◆ **DATA PROVIDED**
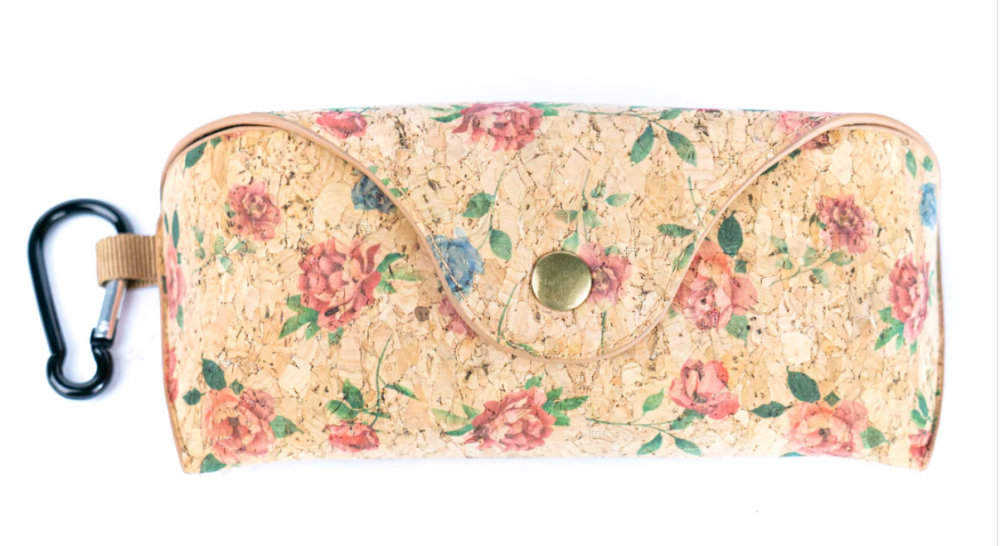 Glasses Case with Carabiner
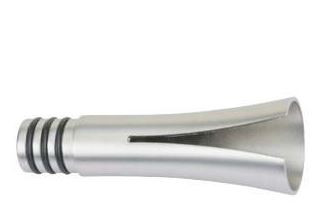 309-Embout cylindre évasion pour tringle Ø 20mm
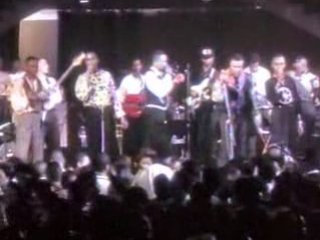 WENGE MUSICA BCBG " KIN E BOUGER"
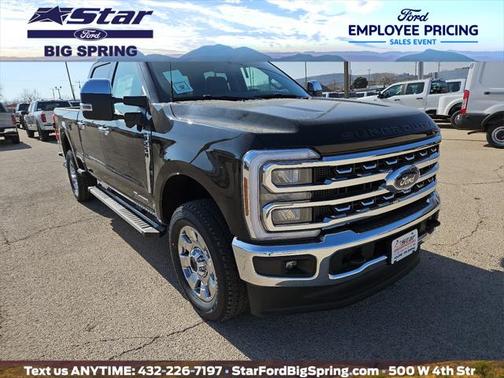 2025 Ford F-250 Lariat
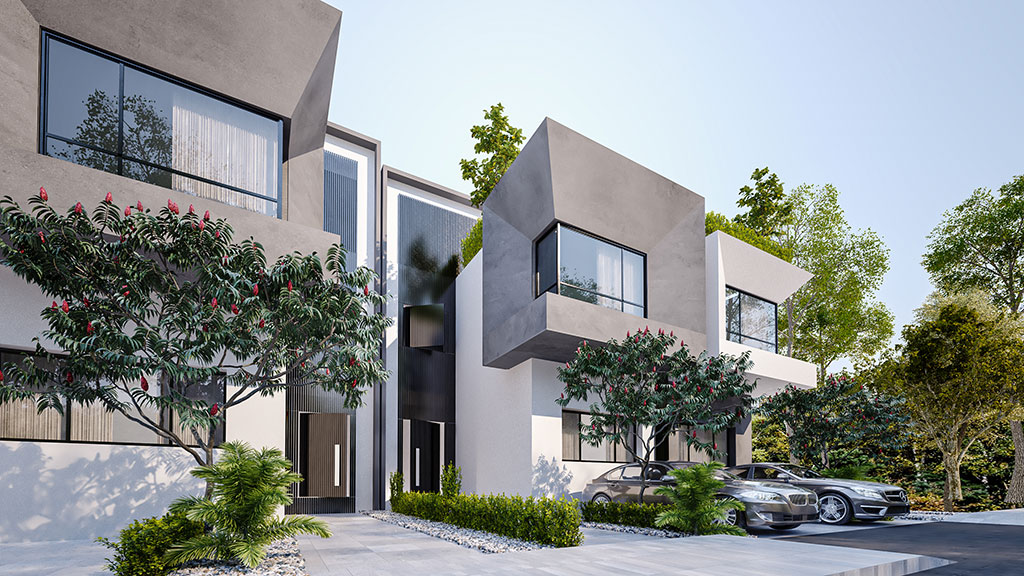 Eastshire Signature Villas Compound, New Cairo, Egypt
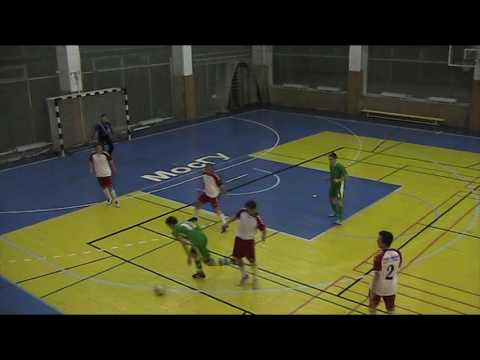 Видео к матчу МГПУ - РГАУ-МСХА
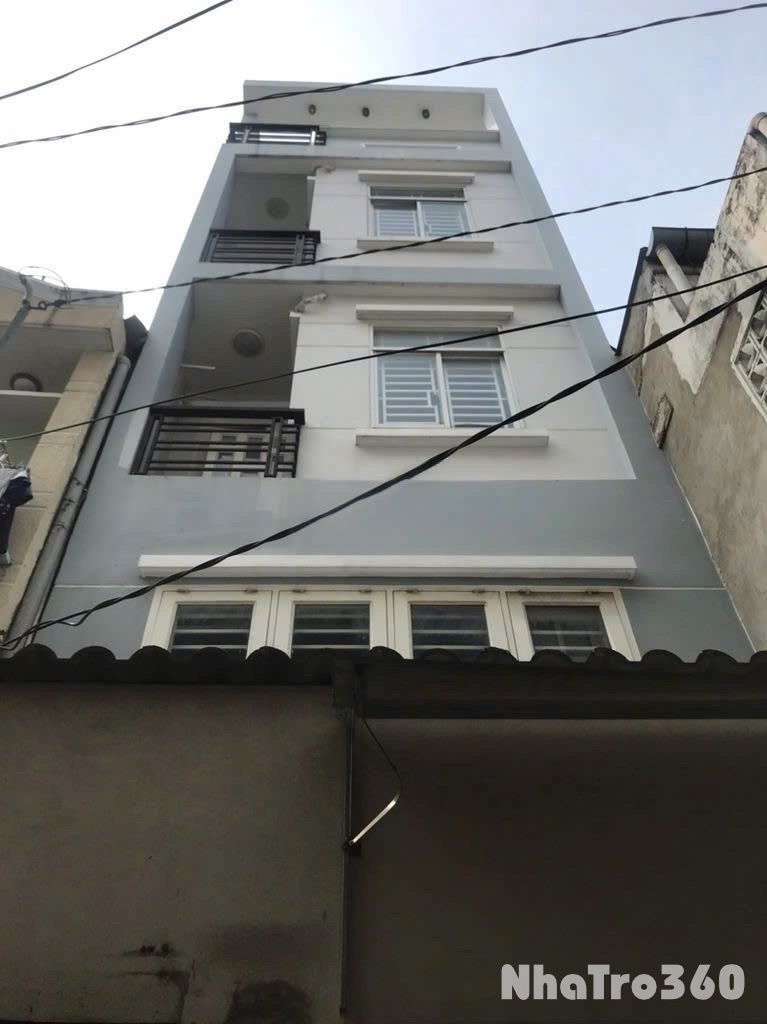 Cho Thuê Nhà Nguyên Căn Tô Hiến Thành Q10 4PN 3WC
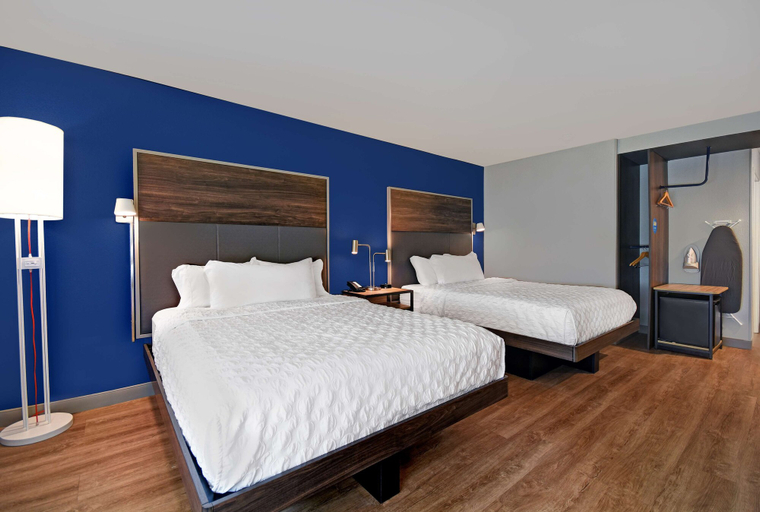Bedroom 3, Tru by Hilton Monroe, Monroe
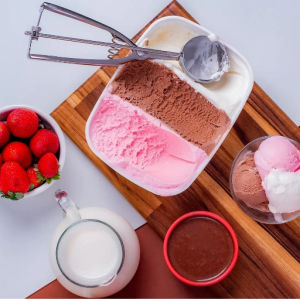 imagem do produto Pote napolitano 1L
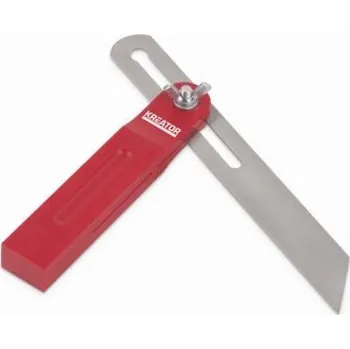 Měřicí přístroj Kreator KRT707001 - Nastavitelný úhelník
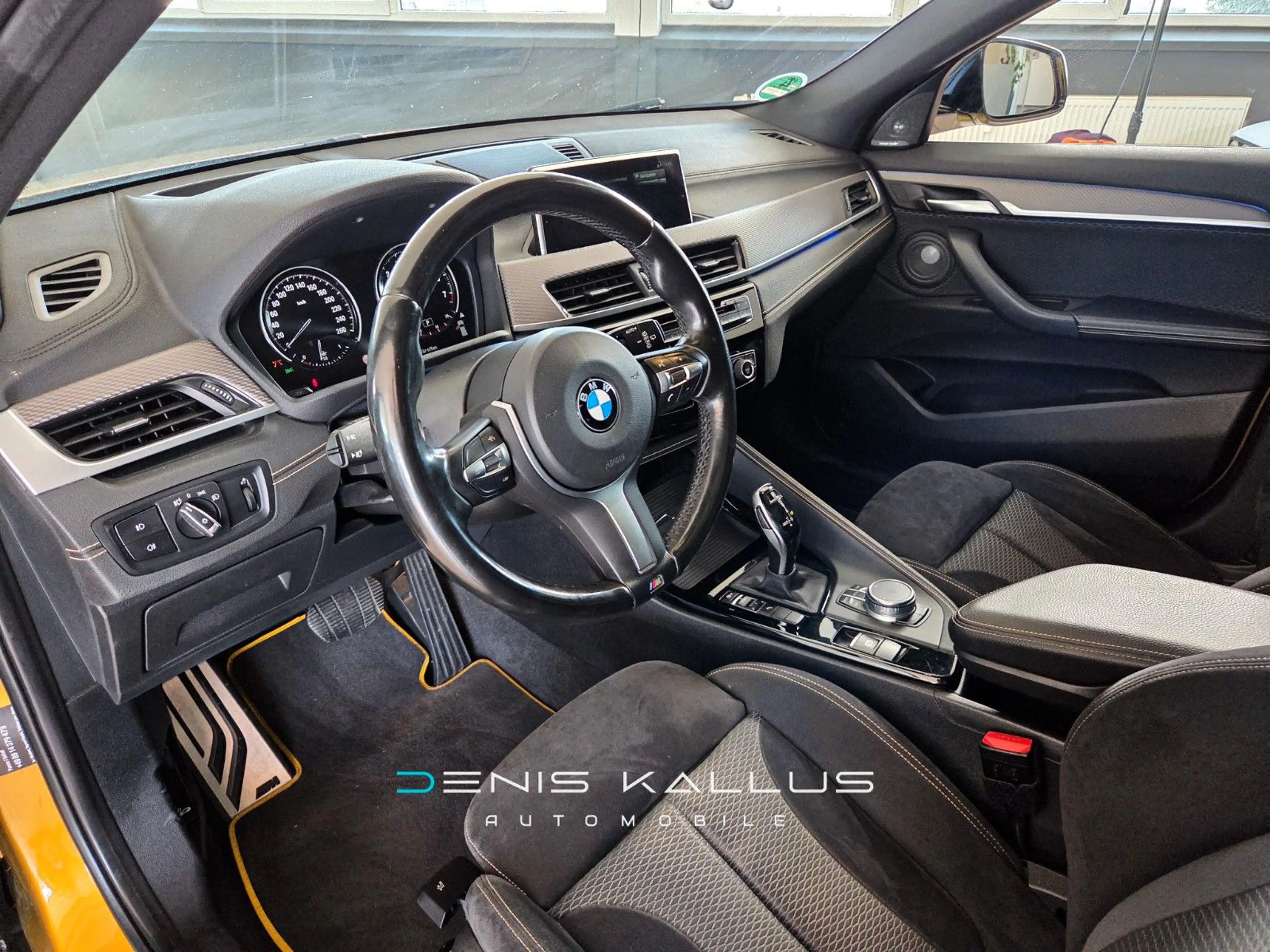 BMW X2 sDrive20i MSport XDri.*HUD*CarPl*H&K*Pano*TOP — photo 3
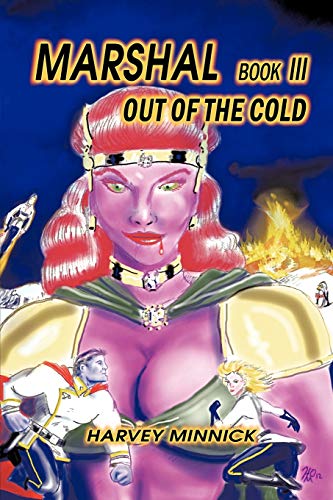 Marshal Book III: Out Of The Cold (Marshall, Band 3)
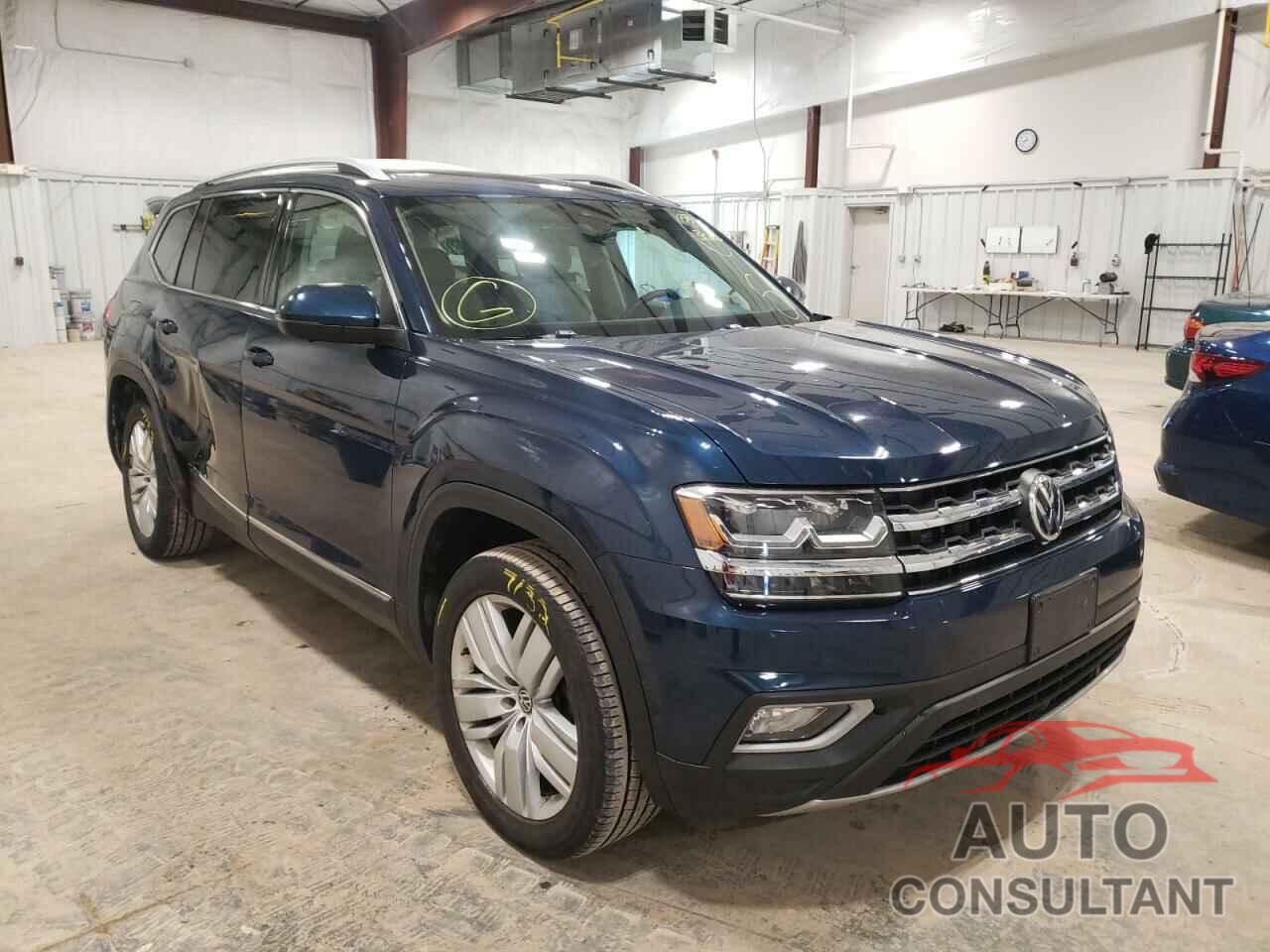 VOLKSWAGEN ATLAS 2018 - 1V2NR2CAXJC560375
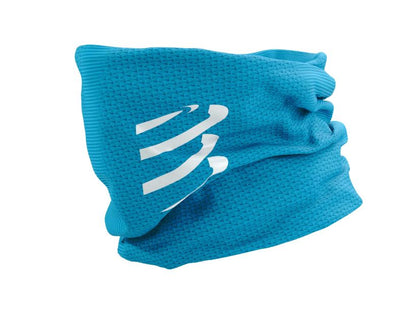 Compressport Unisex 3D Thermo Ultralight Headtube - Hawaiian Ocean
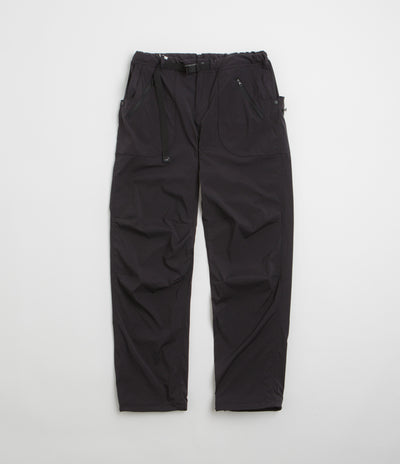 Cayl 8 Pocket Hiking Pants in Black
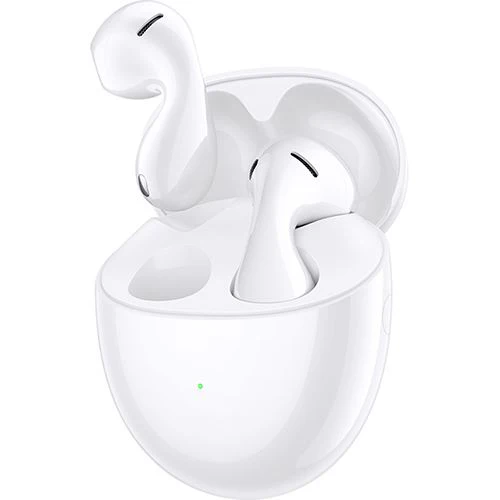 Auriculares True Wireless Bluetooth Huawei FreeBuds 5 - Branco Cerâmica - Image 7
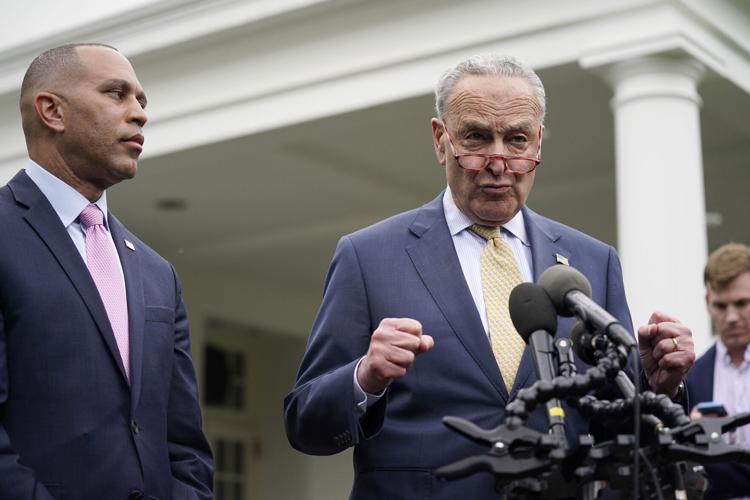 Biden Congress Debt
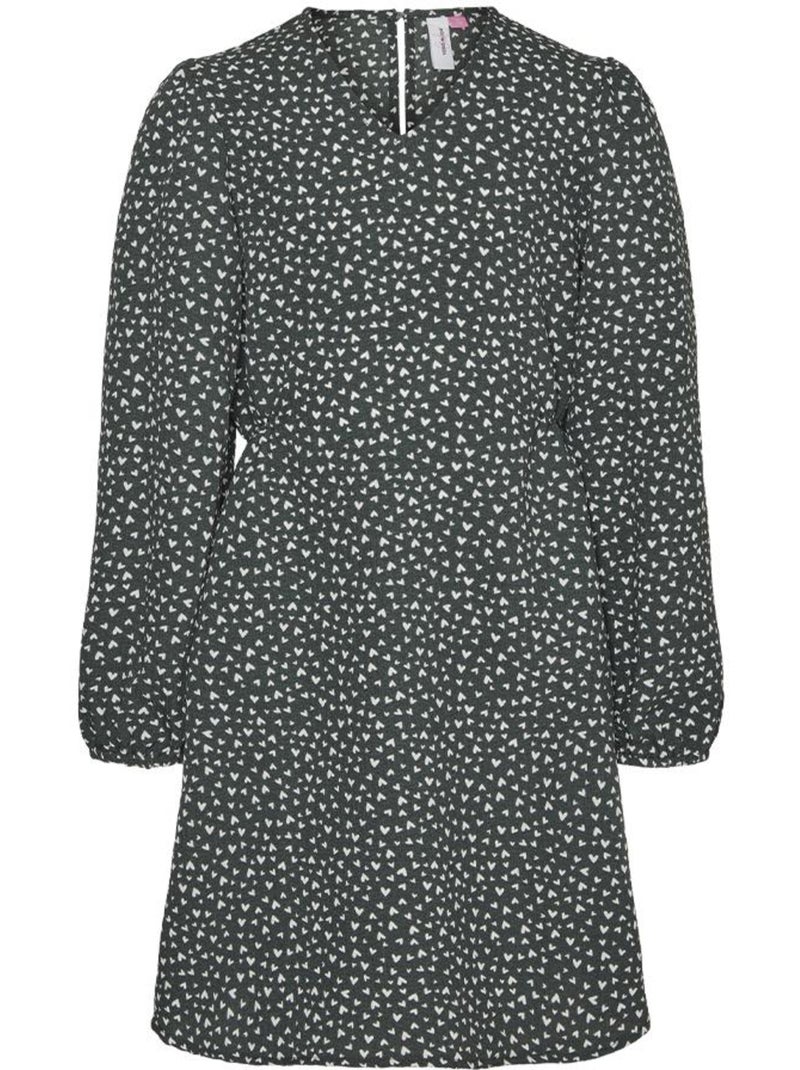 Robe à coeur Fille Vero Moda Vert - Kiabi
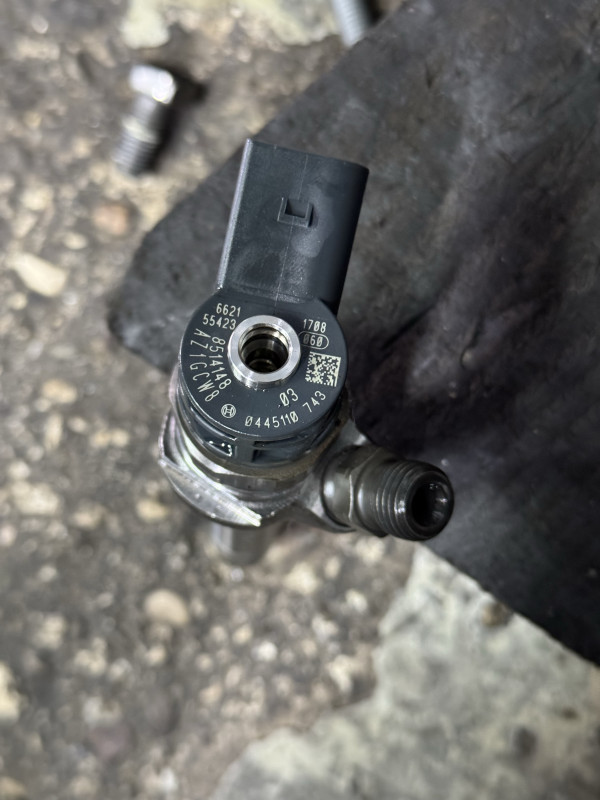 Dizna dizne bmw mini f10 f30 g b47 2.0d 2016 0445110743 b47d20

◆ **WHAT THE TASK REQUIRES**
Take the line that contains "Auriculares True Wireless" and every line after it up to the end of the records above, and restate them exactly, without the pictures.

◆ **WRITTEN REPLY**
 Auriculares True Wireless Bluetooth Huawei FreeBuds 5 - Branco Cerâmica - Image 7
 Biden Congress Debt
 Robe à coeur Fille Vero Moda Vert - Kiabi
 Dizna dizne bmw mini f10 f30 g b47 2.0d 2016 0445110743 b47d20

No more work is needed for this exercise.